3. Fornire un collegamento: includi informazioni per trovare la location nella vita reale. Possiamo incorporare il link nel tuo PDF, un codice QR nella tua pagina o semplicemente includere un link alla fine della tua storia che offre al lettore la possibilità di scoprire di più.
4. Connetterci con la comunità: far sapere agli amministratori territoriali che stiamo realizzando questo progetto. Incontrare le genti del posto. Inviare copie degli elaborati, e assicurarci di chiedere il permesso per includere i collegamenti.
5. Nel turismo letterario grande importanza è rivestita dagli scrittori e dalle loro abitazioni. Nel caso del Polini, il palazzo storico che diede lui i natali e ospito in vita l’autore si trova negli stessi luoghi del romanzo ed è una struttura ricettiva e sarebbe ottimo offrire ospitalità a turisti letterari non solo in estate.
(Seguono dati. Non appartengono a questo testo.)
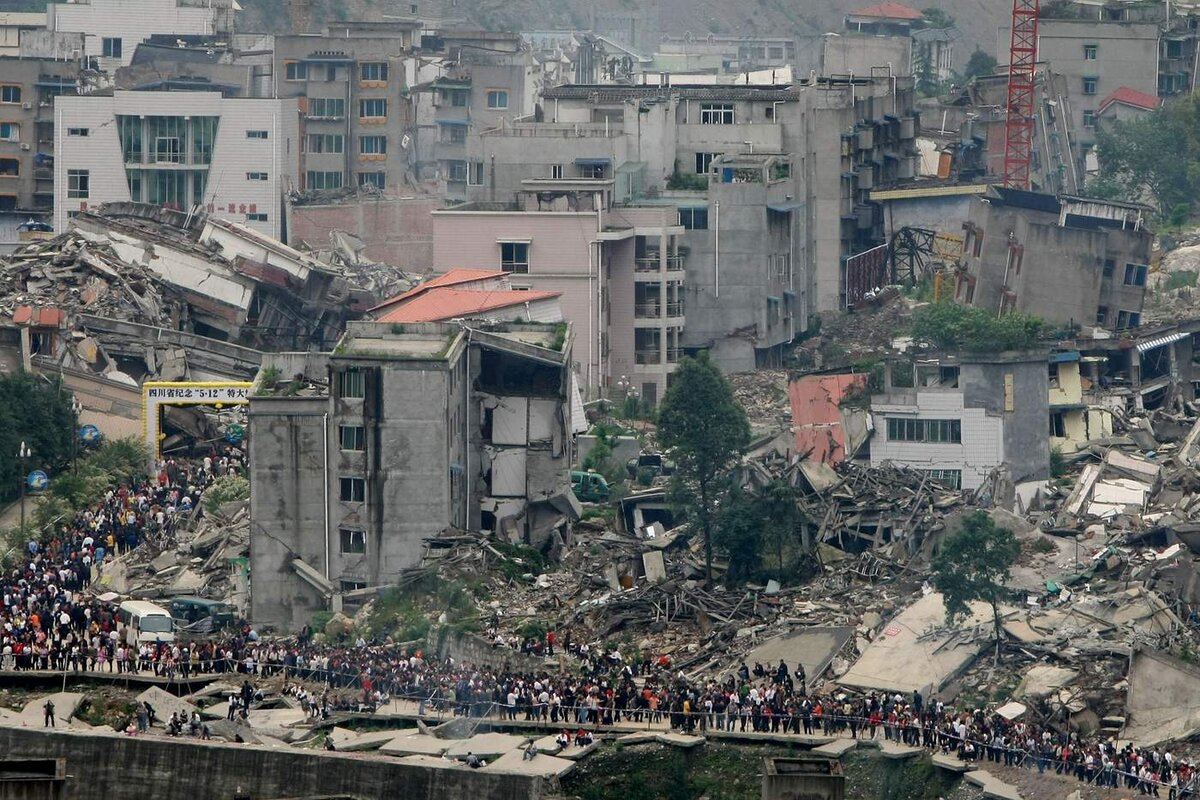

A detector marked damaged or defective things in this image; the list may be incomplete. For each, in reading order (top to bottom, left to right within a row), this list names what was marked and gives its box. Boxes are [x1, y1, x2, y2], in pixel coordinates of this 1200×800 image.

damaged apartment building [955, 188, 1152, 331]
broken window [336, 371, 362, 398]
broken window [340, 424, 362, 450]
damaged apartment building [248, 321, 580, 633]
broken window [338, 479, 364, 503]
broken window [338, 527, 364, 554]
broken concrete slab [835, 592, 993, 695]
Per arricchire la godibilità dei romanzi è utile inserire elementi di graphic novel storica. L’idea è quella di assoldare un illustratore che tratteggi i luoghi così com’erano nel trecento, ricostruisca gli edifici scomparsi, dia un volto ai personaggi. Immagini che potrebbero essere utilizzate per le mostre degli eventi promozionali, per la promozione turistica, tavole che possano formare la storyboard di una ipotetica rievocazione storica, lavoro preliminare per una completa graphic novel storica (alla maniera di Patrick Cothias con la sua serie Les Sept Vies de l’Épervier).
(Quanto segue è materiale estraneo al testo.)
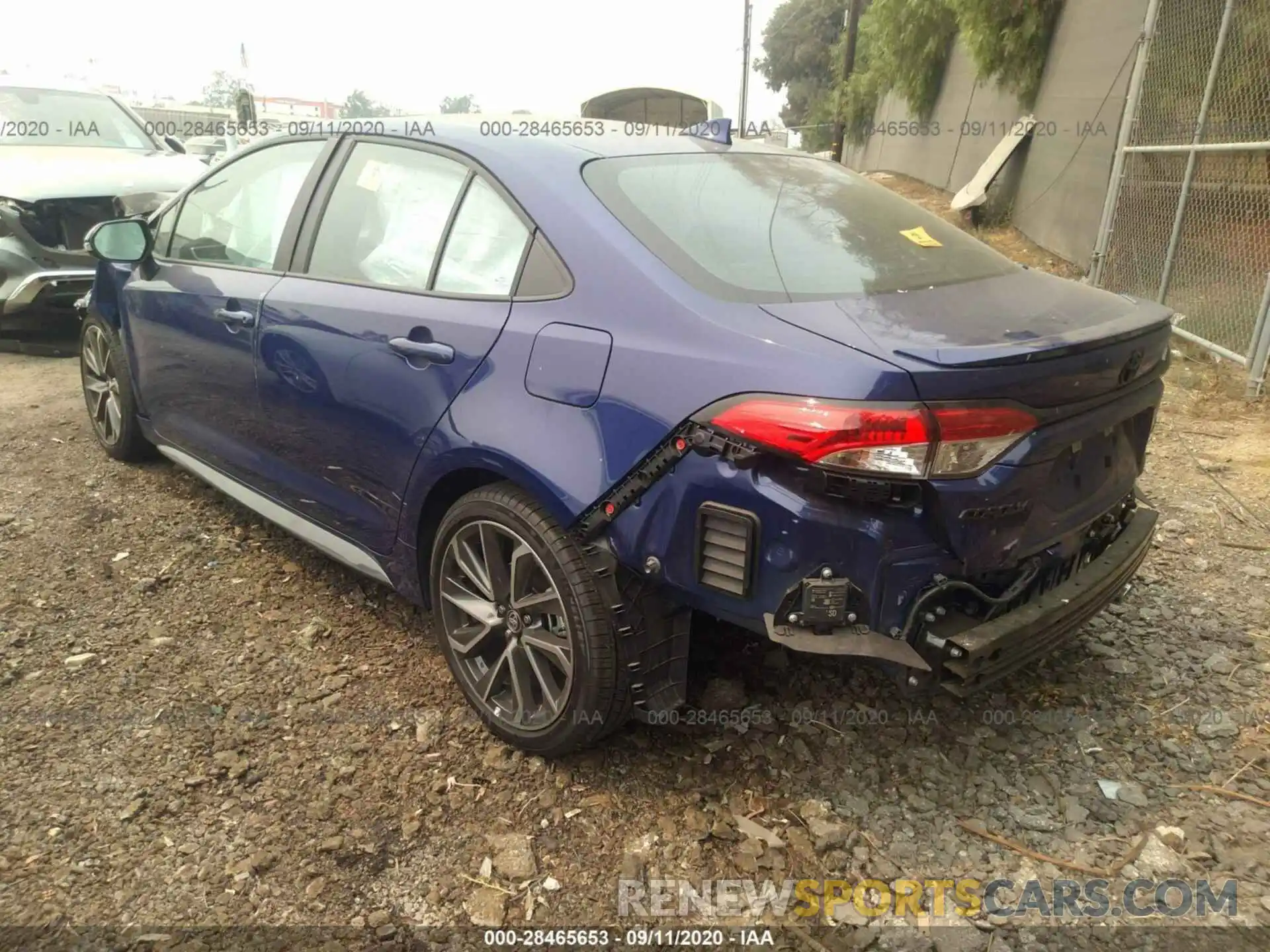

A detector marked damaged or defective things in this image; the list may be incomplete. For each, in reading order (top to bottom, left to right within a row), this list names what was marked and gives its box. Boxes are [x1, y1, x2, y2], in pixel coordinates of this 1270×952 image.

Come finanziare tutto ciò? I tempi sono maturi per mettere in campo piccole e spicciole strategie di crowdfunding.
Il progetto, lo finanzieranno gli spiriti più sensibili della comunità acquistando un primo volumetto che verrà numerato e dedicato. Se vorranno potranno donare qualcosa in più per accelerare i tempi di attuazione e facilitare il processo.
Quando il volume conclusivo verrà completato, il nome di queste generose figure, resterà impresso sulla carta senza indicare le cifre donate ma magari nell’ordine di importanza di queste.